Au XIXe siècle, avec l’ouverture de l’Empire Ottoman, la Palestine, conjuguée à l’invention de la photographie, suscitait un enthousiasme considérable des Européens. Car, pour eux, la Palestine était considérée comme un paradis retrouvé. La reconnaissance du pays a déjà commencé à partir de la campagne d’Égypte de Bonaparte (1798-1801). Les scientifiques accompagnés s’y sont plongés pour compléter la 1ère cartographie de la province. D’ailleurs, les récits sur ce territoire ont été établis notamment par François-René de Châteaubriand (1768-1848). Bon nombre de touristes européens et les photographes « voyageurs » affluaient tout naturellement en Palestine. Ceux-ci, au premier rang, étaient d’abord mandatés par des institutions ou des organisations scientifiques. Leur objectif ne reposait pas sur la restitution du réel tel que le pays se présentait mais sur l’établissement des images très présentes dans l’imaginaire des Occidentaux sur la Palestine. Ils accomplissaient leur travail avec autant de passions afin de témoigner d’une réalité palestinienne risquée de disparaître devant une massive influence de l’Occident malgré les conditions pénibles et dangereuses en Palestine.
Les photographes arméniens réalisaient des prises de vue sur tous les paysages du Moyen-Orient, de Constantinople au Caire. Ils transmettaient une chronique de la société orientale du XIXe siècle à travers leurs clichés. Au départ, cette pratique s’est généralisée au sein des monastères, par exemple, les moines Garabédian et Krikorian au monastère Saint-James de Jérusalem, les Guiragossian ou Sarafian de Beyrouth et Halladjian d’Haïffa. Les plus célèbres photographes arméniens au XIXe siècle étaient les trois frères Abdullah, Hovsep (1830-1908), Viçen (1820-1902) et Kevork (1839-1918). Ils ont géré un studio, racheté à un chimiste allemand en 1858, sous le nom d’« Abdullah Frères ».

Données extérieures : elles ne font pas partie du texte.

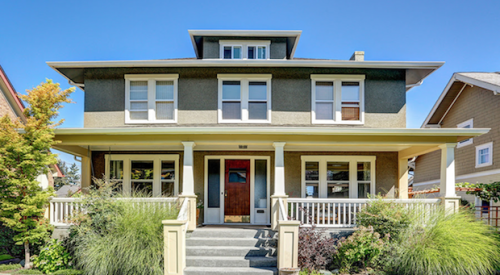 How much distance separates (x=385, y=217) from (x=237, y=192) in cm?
485

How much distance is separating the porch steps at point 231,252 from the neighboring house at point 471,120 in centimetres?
1077

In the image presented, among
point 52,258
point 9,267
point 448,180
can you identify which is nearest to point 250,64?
point 448,180

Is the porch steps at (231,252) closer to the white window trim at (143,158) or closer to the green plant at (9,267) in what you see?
the white window trim at (143,158)

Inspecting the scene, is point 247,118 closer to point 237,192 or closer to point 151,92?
point 237,192

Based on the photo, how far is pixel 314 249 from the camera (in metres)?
7.82

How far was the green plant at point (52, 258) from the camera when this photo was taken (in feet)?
26.0

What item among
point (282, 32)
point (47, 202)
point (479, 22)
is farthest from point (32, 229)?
point (479, 22)

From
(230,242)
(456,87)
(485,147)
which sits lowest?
(230,242)

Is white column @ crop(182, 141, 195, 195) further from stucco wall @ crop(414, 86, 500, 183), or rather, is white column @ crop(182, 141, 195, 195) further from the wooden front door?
stucco wall @ crop(414, 86, 500, 183)

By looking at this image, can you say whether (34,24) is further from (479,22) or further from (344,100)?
(479,22)

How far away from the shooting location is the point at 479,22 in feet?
43.9

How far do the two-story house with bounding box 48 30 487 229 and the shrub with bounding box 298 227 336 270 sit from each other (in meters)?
2.46

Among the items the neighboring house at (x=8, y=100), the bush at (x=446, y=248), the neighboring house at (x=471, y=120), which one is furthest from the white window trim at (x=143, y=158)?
the neighboring house at (x=471, y=120)

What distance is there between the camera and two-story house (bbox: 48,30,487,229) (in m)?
10.9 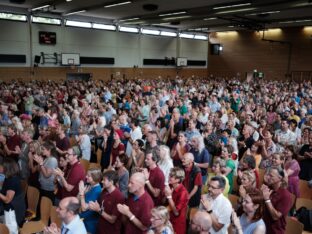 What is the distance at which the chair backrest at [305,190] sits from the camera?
5.14m

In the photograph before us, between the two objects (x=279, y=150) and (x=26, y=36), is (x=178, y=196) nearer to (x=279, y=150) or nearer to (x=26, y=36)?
(x=279, y=150)

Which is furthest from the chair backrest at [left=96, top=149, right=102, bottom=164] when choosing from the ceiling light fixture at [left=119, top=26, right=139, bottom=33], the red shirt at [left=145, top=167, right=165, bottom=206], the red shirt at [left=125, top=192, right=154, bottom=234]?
the ceiling light fixture at [left=119, top=26, right=139, bottom=33]

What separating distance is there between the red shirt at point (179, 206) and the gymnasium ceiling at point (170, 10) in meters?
13.8

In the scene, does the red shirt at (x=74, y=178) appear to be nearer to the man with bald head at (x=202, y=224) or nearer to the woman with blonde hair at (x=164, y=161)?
the woman with blonde hair at (x=164, y=161)

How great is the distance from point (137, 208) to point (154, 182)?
0.89 meters

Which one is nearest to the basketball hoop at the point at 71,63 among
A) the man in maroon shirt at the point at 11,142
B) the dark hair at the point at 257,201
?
the man in maroon shirt at the point at 11,142

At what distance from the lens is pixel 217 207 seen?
3.37 metres

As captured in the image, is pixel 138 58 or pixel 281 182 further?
pixel 138 58

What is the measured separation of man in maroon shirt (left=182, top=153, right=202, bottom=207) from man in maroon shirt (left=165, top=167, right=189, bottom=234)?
0.62 meters

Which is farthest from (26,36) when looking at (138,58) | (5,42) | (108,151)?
(108,151)

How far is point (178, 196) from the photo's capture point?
371 cm

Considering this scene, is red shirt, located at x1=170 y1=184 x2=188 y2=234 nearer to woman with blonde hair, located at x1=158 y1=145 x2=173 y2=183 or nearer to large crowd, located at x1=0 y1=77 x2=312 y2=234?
large crowd, located at x1=0 y1=77 x2=312 y2=234

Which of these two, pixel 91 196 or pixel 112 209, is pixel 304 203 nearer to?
pixel 112 209

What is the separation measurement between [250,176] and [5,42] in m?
18.4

D’autres studios de photographie existaient à Jérusalem dans le quartier arménien. Un des plus importants est le studio Elia Photo Service (Famille Kahvedjian) qui existe depuis 1924. Le studio gère les photos prises par Elia Kahvedjian (1910-1999) mais aussi celles d’autres photographes célèbres. Certaines photographies datent de 1860. Toutes les photographies du studio servent de témoignage historique sur Jérusalem et ses alentours.

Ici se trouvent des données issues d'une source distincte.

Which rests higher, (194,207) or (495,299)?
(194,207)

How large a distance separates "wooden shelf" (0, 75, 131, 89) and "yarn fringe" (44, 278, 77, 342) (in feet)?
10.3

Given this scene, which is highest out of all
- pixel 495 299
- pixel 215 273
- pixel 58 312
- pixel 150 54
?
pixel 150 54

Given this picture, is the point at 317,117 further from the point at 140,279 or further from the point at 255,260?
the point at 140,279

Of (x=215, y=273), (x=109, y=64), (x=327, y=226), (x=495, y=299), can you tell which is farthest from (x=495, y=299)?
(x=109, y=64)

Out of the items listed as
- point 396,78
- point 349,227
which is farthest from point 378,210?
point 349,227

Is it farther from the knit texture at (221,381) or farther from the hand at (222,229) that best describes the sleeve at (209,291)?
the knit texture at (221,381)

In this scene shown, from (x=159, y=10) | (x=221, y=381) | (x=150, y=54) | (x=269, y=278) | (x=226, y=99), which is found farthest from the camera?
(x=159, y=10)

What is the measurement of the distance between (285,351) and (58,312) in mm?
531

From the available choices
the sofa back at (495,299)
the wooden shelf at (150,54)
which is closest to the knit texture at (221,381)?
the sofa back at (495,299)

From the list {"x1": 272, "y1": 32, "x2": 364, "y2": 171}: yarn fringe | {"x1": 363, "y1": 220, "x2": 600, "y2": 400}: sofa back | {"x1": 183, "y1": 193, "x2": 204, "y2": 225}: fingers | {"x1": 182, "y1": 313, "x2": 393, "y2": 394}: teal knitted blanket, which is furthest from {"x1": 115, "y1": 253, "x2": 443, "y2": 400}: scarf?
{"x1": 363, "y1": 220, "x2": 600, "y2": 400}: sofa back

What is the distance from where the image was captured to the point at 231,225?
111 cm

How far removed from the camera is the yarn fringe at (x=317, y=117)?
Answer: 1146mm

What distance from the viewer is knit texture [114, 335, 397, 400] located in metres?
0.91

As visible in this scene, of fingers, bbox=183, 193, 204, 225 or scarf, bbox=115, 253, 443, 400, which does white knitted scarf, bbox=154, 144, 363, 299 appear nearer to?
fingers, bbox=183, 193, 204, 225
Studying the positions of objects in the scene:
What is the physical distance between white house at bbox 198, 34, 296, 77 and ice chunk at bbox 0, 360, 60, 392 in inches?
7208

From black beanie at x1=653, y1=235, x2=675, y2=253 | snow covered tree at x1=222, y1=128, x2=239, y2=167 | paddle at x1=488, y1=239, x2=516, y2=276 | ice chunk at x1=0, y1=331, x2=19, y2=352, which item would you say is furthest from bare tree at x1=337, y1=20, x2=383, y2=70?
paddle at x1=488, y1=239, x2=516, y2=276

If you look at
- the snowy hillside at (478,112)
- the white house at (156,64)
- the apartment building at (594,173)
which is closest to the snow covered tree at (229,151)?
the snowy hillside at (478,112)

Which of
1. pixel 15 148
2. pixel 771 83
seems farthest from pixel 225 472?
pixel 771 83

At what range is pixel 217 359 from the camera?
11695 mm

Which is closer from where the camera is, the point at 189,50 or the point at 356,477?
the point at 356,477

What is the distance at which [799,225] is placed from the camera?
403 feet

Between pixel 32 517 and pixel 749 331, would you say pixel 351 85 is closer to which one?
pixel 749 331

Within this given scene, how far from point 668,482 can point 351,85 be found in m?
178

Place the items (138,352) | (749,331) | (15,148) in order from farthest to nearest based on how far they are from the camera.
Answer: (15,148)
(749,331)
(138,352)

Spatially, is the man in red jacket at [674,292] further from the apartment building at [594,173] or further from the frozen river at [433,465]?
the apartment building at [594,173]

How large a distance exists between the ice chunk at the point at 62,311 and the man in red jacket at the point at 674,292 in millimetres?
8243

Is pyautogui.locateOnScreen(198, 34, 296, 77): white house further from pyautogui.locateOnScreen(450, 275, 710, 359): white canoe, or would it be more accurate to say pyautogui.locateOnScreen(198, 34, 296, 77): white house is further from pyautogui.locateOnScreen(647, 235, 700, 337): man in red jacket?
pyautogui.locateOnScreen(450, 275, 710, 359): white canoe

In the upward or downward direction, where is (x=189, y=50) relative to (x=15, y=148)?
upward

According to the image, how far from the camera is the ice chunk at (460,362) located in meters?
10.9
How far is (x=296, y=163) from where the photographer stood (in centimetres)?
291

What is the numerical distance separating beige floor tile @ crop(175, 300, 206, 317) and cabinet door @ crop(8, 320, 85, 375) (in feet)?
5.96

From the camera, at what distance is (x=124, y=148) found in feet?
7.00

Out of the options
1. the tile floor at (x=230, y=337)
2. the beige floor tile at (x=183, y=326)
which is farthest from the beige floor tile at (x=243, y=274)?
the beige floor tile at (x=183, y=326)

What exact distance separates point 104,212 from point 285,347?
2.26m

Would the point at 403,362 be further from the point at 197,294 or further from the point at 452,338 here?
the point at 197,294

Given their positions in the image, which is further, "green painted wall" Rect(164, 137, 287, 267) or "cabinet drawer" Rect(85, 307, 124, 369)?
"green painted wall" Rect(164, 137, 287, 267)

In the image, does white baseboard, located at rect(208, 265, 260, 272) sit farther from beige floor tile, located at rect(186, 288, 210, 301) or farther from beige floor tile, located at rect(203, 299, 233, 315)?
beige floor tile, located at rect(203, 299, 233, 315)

En Europe, l’admiration vers l’Orient était entretenue et amplifiée par ces milliers de photographies venues de Palestine qui se vendaient à l’unité ou en album, mais se diffusaient aussi dans des revues comme l’Illustration (1843-1944) ou Le Tour du monde (1860-1914). Plus le standard de qualité était élevé de la part d’une nouvelle clientèle de touristes, plus on avait forte envie d’avoir les photographies en couleurs. Dans des années 1880, le Photochrome est enfin né pour satisfaire ces demandes.